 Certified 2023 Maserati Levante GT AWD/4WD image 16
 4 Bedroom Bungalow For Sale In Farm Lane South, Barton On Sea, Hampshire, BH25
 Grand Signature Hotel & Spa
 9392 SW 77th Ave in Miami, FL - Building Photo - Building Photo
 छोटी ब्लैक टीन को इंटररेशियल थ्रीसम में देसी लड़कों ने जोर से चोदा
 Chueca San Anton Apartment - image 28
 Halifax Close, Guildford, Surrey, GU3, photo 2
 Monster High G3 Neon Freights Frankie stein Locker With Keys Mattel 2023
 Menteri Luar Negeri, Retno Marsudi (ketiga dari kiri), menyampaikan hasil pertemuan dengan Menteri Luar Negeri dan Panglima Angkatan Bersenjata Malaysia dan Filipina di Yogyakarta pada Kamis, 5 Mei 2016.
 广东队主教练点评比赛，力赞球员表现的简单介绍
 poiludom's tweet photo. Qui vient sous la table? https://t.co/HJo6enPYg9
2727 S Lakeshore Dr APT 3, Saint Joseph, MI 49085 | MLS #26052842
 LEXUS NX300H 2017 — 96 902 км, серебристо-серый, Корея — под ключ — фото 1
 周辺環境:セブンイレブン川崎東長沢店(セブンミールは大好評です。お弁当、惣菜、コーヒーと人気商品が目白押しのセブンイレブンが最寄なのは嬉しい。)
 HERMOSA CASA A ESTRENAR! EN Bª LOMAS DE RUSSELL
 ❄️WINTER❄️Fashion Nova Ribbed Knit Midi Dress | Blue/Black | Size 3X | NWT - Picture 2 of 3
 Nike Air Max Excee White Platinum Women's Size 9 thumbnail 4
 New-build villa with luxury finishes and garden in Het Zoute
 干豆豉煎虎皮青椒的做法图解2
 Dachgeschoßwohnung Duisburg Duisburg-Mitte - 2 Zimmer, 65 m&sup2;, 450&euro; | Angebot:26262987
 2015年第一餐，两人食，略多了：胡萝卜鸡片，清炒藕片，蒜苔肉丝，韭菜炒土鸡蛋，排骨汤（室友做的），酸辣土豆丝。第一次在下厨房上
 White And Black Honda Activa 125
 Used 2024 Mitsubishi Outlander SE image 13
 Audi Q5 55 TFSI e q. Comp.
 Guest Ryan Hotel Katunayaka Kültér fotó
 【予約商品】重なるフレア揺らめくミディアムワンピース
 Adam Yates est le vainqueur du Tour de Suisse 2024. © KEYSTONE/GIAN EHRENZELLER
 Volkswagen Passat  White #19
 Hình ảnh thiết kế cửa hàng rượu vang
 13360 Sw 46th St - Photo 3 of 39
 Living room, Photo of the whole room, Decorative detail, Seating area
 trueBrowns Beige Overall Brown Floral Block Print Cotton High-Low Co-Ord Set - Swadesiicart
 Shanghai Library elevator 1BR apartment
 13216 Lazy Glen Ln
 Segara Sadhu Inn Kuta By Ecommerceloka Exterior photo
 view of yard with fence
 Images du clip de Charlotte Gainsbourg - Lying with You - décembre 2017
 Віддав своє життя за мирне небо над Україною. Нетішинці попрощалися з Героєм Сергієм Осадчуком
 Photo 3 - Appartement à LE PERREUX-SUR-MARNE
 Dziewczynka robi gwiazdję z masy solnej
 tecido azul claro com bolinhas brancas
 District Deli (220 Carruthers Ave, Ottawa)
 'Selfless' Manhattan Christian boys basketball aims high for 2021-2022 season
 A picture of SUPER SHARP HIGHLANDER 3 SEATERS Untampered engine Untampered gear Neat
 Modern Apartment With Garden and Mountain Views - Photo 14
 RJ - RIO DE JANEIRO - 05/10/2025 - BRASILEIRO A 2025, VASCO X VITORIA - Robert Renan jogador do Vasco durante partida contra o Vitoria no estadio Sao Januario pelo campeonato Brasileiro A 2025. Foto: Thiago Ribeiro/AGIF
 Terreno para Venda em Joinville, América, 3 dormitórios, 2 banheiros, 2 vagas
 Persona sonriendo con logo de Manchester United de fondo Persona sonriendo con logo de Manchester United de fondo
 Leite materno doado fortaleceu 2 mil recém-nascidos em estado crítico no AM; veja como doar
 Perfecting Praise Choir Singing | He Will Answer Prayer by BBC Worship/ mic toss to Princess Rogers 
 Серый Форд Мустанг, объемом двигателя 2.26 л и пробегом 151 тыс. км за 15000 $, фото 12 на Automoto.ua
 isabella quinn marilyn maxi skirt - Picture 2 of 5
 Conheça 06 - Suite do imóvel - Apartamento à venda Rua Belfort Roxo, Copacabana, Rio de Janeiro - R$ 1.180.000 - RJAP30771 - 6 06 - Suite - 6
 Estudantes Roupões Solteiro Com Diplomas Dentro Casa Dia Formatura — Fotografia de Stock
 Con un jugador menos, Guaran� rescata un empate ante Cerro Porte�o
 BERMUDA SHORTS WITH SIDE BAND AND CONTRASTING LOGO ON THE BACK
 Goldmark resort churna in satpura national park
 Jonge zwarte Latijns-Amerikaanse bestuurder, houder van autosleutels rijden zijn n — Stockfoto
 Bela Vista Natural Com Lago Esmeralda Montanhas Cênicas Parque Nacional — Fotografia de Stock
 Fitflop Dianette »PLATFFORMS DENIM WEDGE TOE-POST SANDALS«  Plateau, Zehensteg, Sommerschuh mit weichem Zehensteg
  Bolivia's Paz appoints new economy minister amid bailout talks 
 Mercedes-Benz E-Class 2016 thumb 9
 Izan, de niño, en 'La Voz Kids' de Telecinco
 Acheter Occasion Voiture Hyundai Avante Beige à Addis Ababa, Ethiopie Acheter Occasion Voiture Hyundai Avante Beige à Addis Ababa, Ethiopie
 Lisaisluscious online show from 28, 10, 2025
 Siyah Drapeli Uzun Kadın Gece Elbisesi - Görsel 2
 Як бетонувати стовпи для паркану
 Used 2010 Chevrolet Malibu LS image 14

Instructions to follow => Above are the records; repeat exactly the lines from the one holding "2727 S Lakeshore" down to the one holding "view of yard with fence", end lines included.

Task result =>
2727 S Lakeshore Dr APT 3, Saint Joseph, MI 49085 | MLS #26052842
 LEXUS NX300H 2017 — 96 902 км, серебристо-серый, Корея — под ключ — фото 1
 周辺環境:セブンイレブン川崎東長沢店(セブンミールは大好評です。お弁当、惣菜、コーヒーと人気商品が目白押しのセブンイレブンが最寄なのは嬉しい。)
 HERMOSA CASA A ESTRENAR! EN Bª LOMAS DE RUSSELL
 ❄️WINTER❄️Fashion Nova Ribbed Knit Midi Dress | Blue/Black | Size 3X | NWT - Picture 2 of 3
 Nike Air Max Excee White Platinum Women's Size 9 thumbnail 4
 New-build villa with luxury finishes and garden in Het Zoute
 干豆豉煎虎皮青椒的做法图解2
 Dachgeschoßwohnung Duisburg Duisburg-Mitte - 2 Zimmer, 65 m&sup2;, 450&euro; | Angebot:26262987
 2015年第一餐，两人食，略多了：胡萝卜鸡片，清炒藕片，蒜苔肉丝，韭菜炒土鸡蛋，排骨汤（室友做的），酸辣土豆丝。第一次在下厨房上
 White And Black Honda Activa 125
 Used 2024 Mitsubishi Outlander SE image 13
 Audi Q5 55 TFSI e q. Comp.
 Guest Ryan Hotel Katunayaka Kültér fotó
 【予約商品】重なるフレア揺らめくミディアムワンピース
 Adam Yates est le vainqueur du Tour de Suisse 2024. © KEYSTONE/GIAN EHRENZELLER
 Volkswagen Passat  White #19
 Hình ảnh thiết kế cửa hàng rượu vang
 13360 Sw 46th St - Photo 3 of 39
 Living room, Photo of the whole room, Decorative detail, Seating area
 trueBrowns Beige Overall Brown Floral Block Print Cotton High-Low Co-Ord Set - Swadesiicart
 Shanghai Library elevator 1BR apartment
 13216 Lazy Glen Ln
 Segara Sadhu Inn Kuta By Ecommerceloka Exterior photo
 view of yard with fence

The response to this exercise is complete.